Albertans kicked back an average of 86.2 litres of beer per person in 2011
Troy Media – by ATB Financial
Yesterday we pointed out that wine consumption of Albertans has skyrocketed over 1,000 per cent since 1950, from 1.4 to 16.2 litres per person annually.
However, the same cannot be said for wine’s somewhat less sophisticated bar room sister – beer.
According to Statistics Canada, Albertans kicked back an average of 86.2 litres of beer per person in 2011. That’s almost unchanged from the 88.5 litres per person recorded back in 1950. The most voracious beer drinkers in Canada are in the Yukon, at a frothy 136.8 litres per person. Interestingly, the least likely beer drinkers are right next door in the Northwest Territories, at a mere 73.2 litres.

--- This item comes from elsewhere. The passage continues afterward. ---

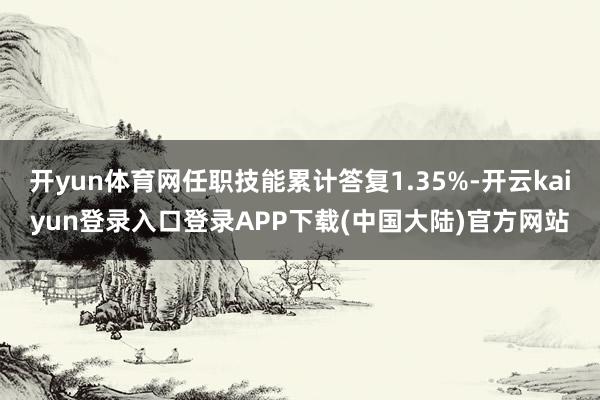 开yun体育网任职技能累计答复1.35%-开云kaiyun登录入口登录APP下载(中国大陆)官方网站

The chart shows Alberta’s beer consumption rising modestly during the 1960s and 1970s, during a period in which the province was removing some of its very restrictive rules around selling and serving alcohol. (It wasn’t until 1967 that men and women were allowed together in “beverage rooms”!)
The most striking feature of the graph is the pronounced drop in beer consumption in 1981, when Albertans were able to swig back only 72 litres per person. That year was marked by a beer strike in the province, and imported or out-of-province beers were less common.
Given the number of craft beer markets and specialized products cropping up throughout Alberta lately, it appears that tastes in beer are becoming more discerning. Albertans still like their brew, but they may be appreciating quality over quantity.